Окулов сказывал, что Высоцкий продал Свирлово за 200 тысяч Кожевникову, богачу-купцу. Жаль то, что все это будет запущено, а может, и сады истребятся, потому что он хочет завести какие-то фабрики или заводы. Луниной дело наконец кончено; дом ее куплен для Коммерческого банка за 280 тысяч рублей, стало быть, и Пфеллер свой сбыл за 60 000 рублей, чего он очень желал. Я советовал Луниной нанять дом князя Сергея Ивановича, и она мне препоручила это устроить. Я надеюсь, что Чиж рад будет и не заломается, прося дорого за наем, а ему денежки годятся.

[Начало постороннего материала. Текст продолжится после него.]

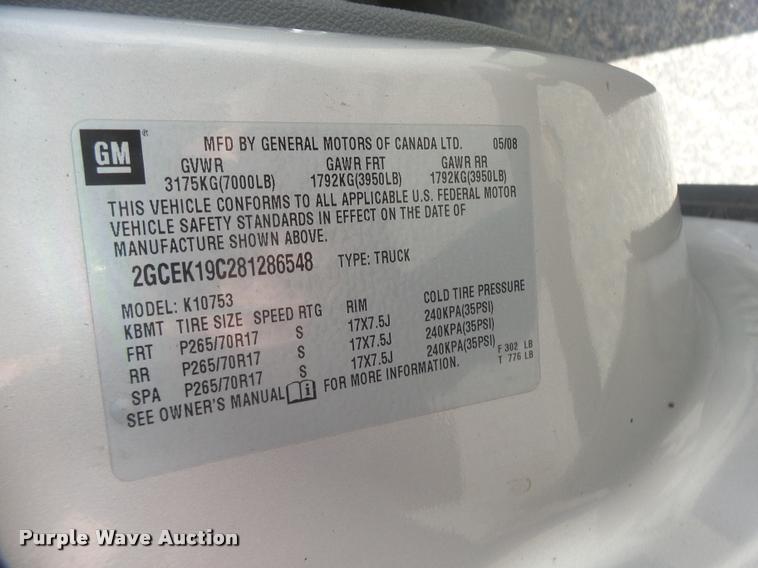 image for item DB0907 2008 Chevrolet Silverado 1500 Ext. Cab pickup truck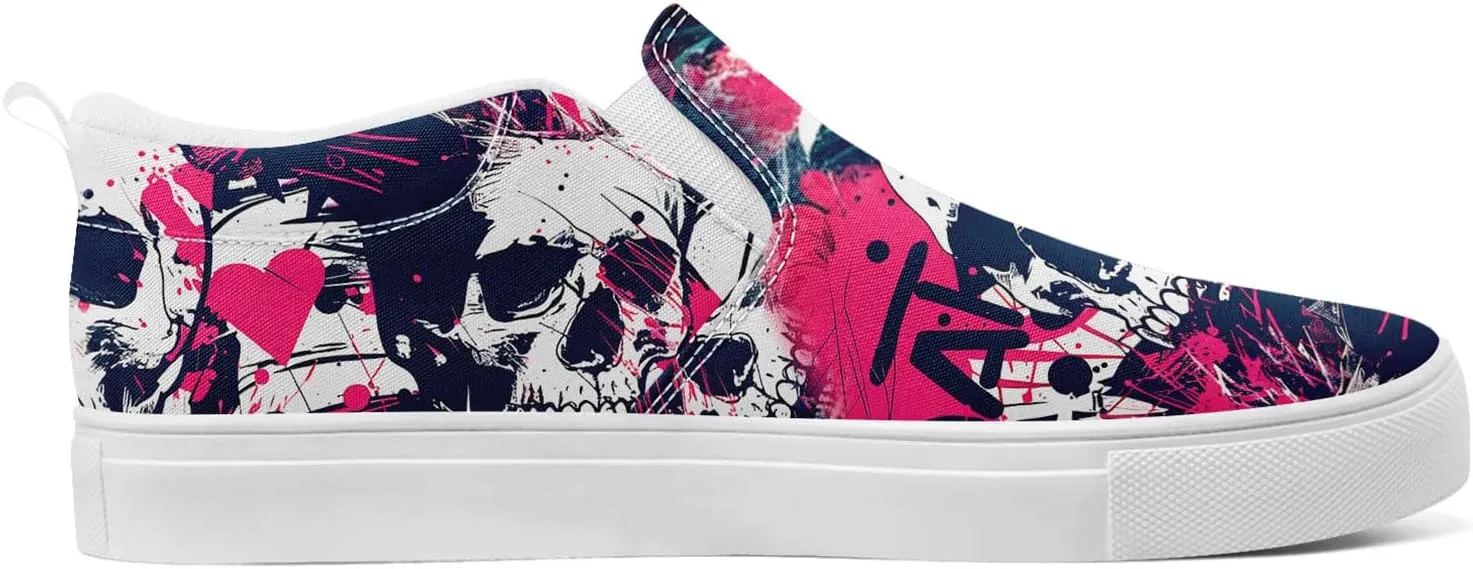 Skull Canvas Shoes Slip On Fashion Sneakers Low Top Casual Shoes Non Slip Loafers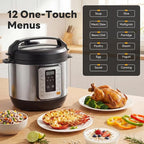 DUMOS 16-in-1 Electric Pressure Cooker, 6QT Programmable Multi Cooker with 12 One-Touch Presets, Soup Steam Yogurt and More, Ceramic Inner Pot Delay Start & Keep Warm, Includes Recipe Guide, Silver
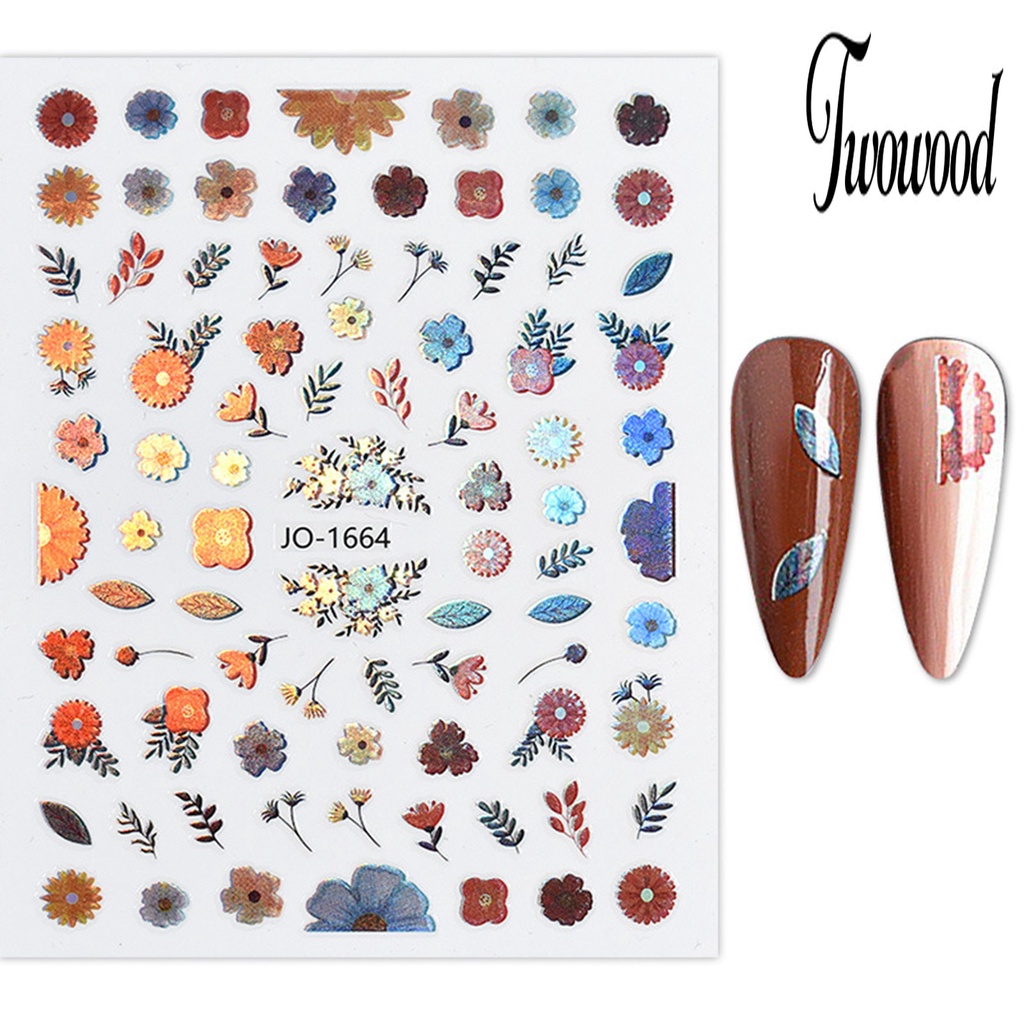 Twowood Stiker Kuku Tahan Air Motif Bunga Untuk Nail Art DIY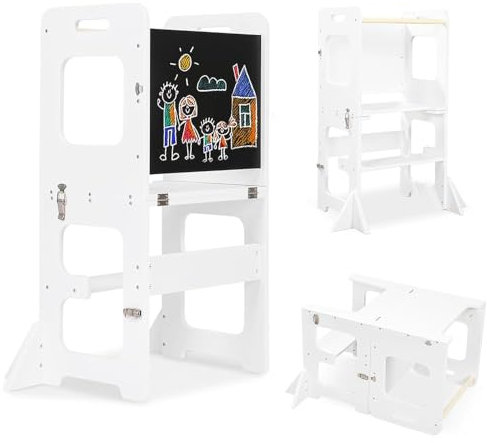 Labebe Lernturm für Kinder, Montessori Faltbarer Lernturm mit Tafel, Multifunktion 3 in 1 Learning Tower, Höchste Sicherheit lernturm ab 18 Monate für Küche Tisch Bad Lernstuhl Lerntower(Weiß)
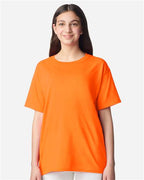 Gildan 12523, 3000b Youth Light Cotton T-shirt, Safety Orange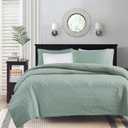 Madison Park Quebec Dusty Pale Seafoam 3-Piece Quilted King Coverlet SetFor King or Cal King Bed Ideal For Warm Climate Room Dcor or Add-on For Extra Warmth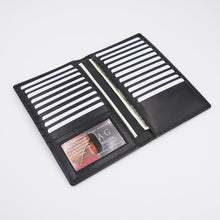 Load image into Gallery viewer, AG Wallets Napa Leather Credit Card Organizer, RFID Long Wallet, 20 Card Holder, Black
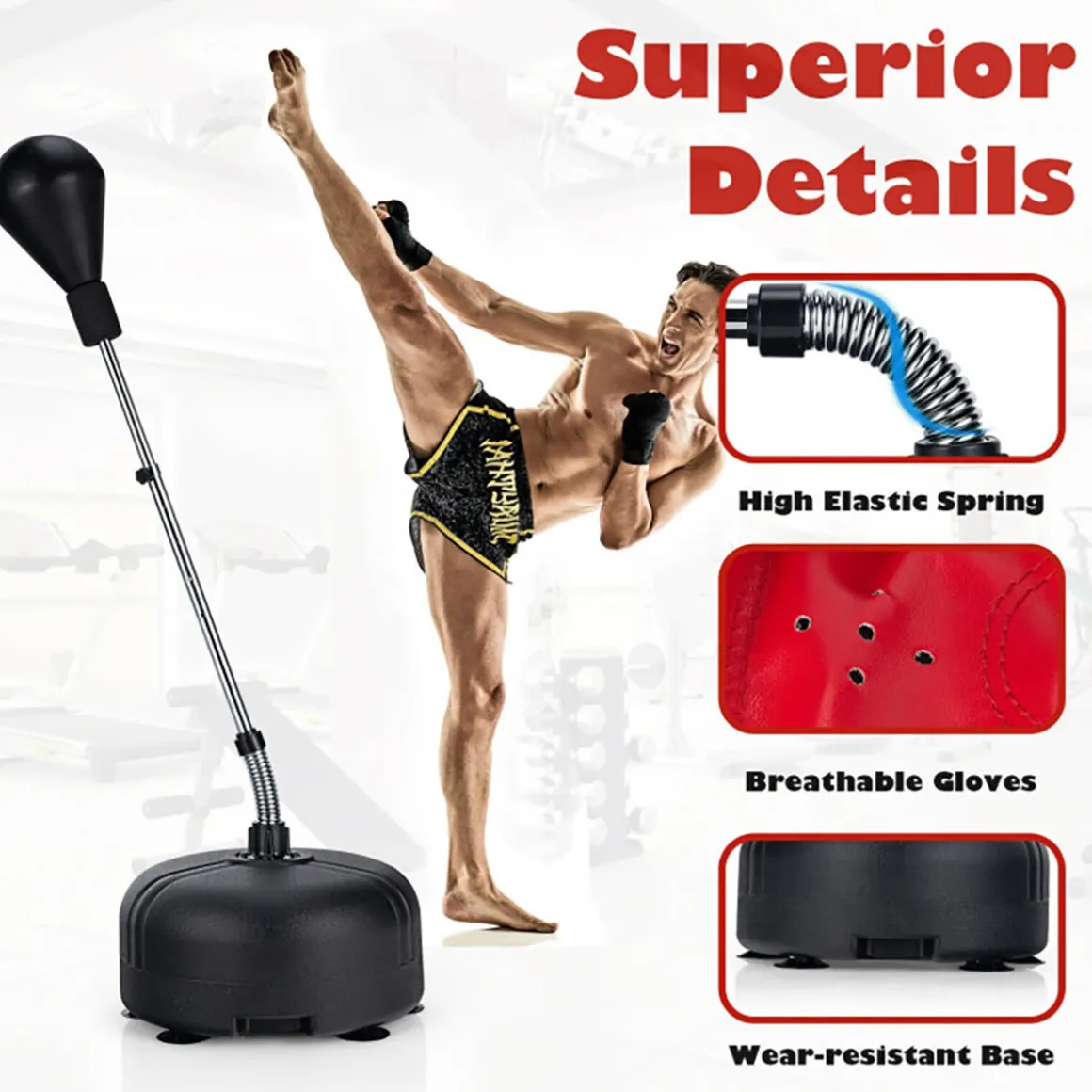 Adjustable Freestanding Punching Bag with Boxing Gloves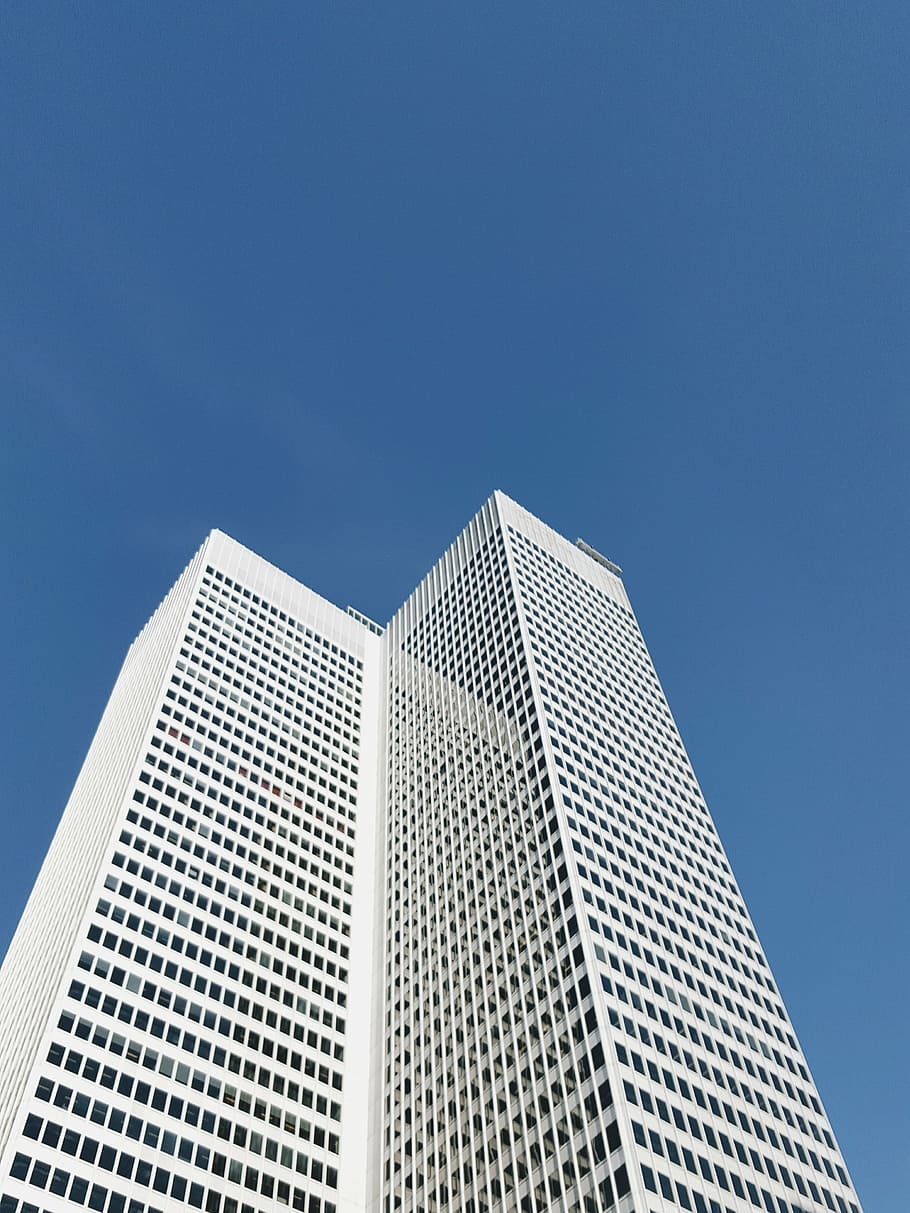 worm's eye view of white building, city, skyscraper, downtown HD wallpaper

Принимаю истинное участие в скорби доброго Каподистрии. Лишиться отца есть потеря невозвратная, а особливо теперь, ибо я все того мнения, что вся эта греческая каша очень должна его огорчать. Каков же этот плут Али-паша! Всем пользуется и хотел помириться с турками на счет греков, да не удалось. Очень я радуюсь будущему возвращению Полетики. Очень благодарен я графу Нессельроде за память обо мне: я обоих их очень люблю, а особенно зная, сколько она тебя любит.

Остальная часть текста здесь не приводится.